Banjul is the capital of The Gambia, a small country in West Africa, bordering Senegal. The city is situated on an island on the southern side of the mouth of the Gambia River, beside the Atlantic Ocean. The city was founded in 1816 (Banjul was called Bathurst until 1973) and has a very interesting heritage. The National Museum is entirely dedicated to Gambian history and culture. Albert Market is a colourful scene where all the senses are stimulated and where you can shop for food, clothing, traditionally made products and all kinds of imported goods. The entrance to the city is marked by the immense arched entrance gate, Arch 22.
The city has around 34,000 inhabitants. As the capital city, Banjul has an important administrative and commercial function. The city also has a port that has an important sub-regional function.
Banjul is located in the west of The Gambia, beside the Atlantic Ocean. It is located on an island on the southern side of the mouth of the Gambia River. The city is connected to the mainland two kilometres westwards by the Denton Bridge. This bridge spans Oyster Creek, the main creek through the Tanbi Wetland Complex mangrove area (56 km²). These wetlands mean that, apart from the road crossing the bridge, there are no other access roads to Banjul. Banjul is also accessible from the north via the mighty Gambia River.
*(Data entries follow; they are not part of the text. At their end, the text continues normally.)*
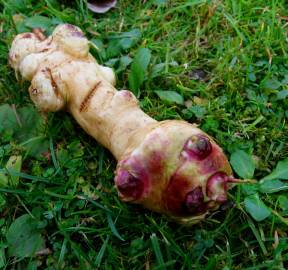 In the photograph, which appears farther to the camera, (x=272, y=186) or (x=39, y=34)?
(x=39, y=34)

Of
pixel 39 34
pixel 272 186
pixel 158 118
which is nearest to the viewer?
pixel 272 186

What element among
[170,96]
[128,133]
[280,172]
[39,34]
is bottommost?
[280,172]

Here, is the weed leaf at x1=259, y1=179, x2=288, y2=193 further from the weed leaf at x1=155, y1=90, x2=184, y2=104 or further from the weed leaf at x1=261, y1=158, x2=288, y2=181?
the weed leaf at x1=155, y1=90, x2=184, y2=104

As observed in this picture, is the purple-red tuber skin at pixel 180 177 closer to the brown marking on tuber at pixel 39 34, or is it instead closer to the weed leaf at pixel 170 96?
the weed leaf at pixel 170 96

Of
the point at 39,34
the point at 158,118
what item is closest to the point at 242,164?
the point at 158,118

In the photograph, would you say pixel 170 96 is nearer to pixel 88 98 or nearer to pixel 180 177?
pixel 88 98

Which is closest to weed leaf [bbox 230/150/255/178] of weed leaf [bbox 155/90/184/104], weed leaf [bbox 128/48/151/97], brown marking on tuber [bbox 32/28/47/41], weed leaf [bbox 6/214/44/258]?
weed leaf [bbox 155/90/184/104] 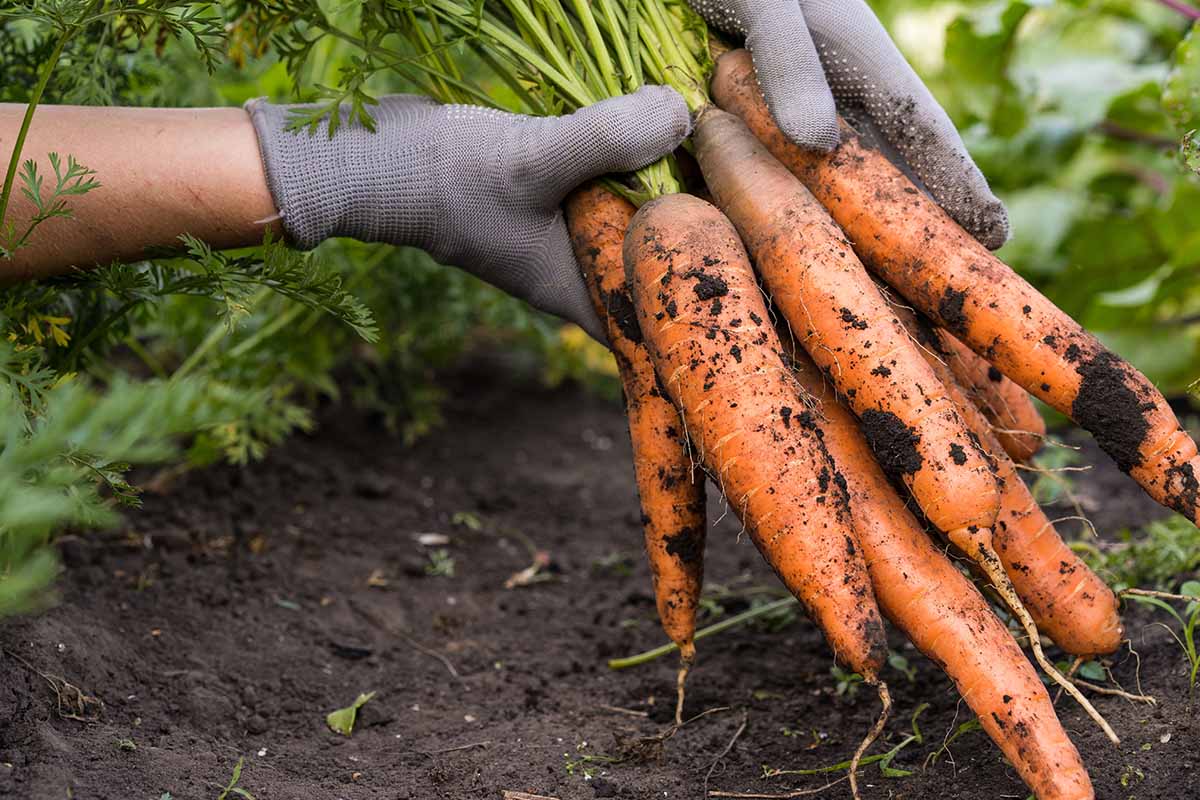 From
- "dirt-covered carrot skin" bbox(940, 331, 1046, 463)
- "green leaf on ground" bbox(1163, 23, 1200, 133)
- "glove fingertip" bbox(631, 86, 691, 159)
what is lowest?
"dirt-covered carrot skin" bbox(940, 331, 1046, 463)

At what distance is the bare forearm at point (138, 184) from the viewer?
1.77 meters

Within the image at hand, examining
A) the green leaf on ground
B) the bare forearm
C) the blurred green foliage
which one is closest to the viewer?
the bare forearm

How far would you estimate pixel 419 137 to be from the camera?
193cm

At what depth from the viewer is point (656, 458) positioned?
196 centimetres

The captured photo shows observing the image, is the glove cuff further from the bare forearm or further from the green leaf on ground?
the green leaf on ground

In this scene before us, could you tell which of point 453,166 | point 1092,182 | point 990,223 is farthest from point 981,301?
point 1092,182

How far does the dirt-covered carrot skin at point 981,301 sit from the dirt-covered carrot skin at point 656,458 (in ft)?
1.26

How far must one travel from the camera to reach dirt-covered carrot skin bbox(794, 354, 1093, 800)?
1520 mm

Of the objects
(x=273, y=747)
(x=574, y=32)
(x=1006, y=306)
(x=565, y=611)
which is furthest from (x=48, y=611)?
(x=1006, y=306)

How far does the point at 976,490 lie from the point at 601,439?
1981 millimetres

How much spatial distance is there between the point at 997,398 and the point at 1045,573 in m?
0.43

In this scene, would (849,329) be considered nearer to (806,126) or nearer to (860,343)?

There is a regular ferry connection between Banjul and Barra on the northern bank of the river.
The capital city Banjul is not usually the first destination of tourists heading to The Gambia. Nonetheless, Banjul has much to offer. Most tourists stay in resort hotels on the Atlantic coast. Banjul has a few simple hotels and one four-star hotel located on the beach. Banjul's airport is situated in Yundum, 25 km from the city.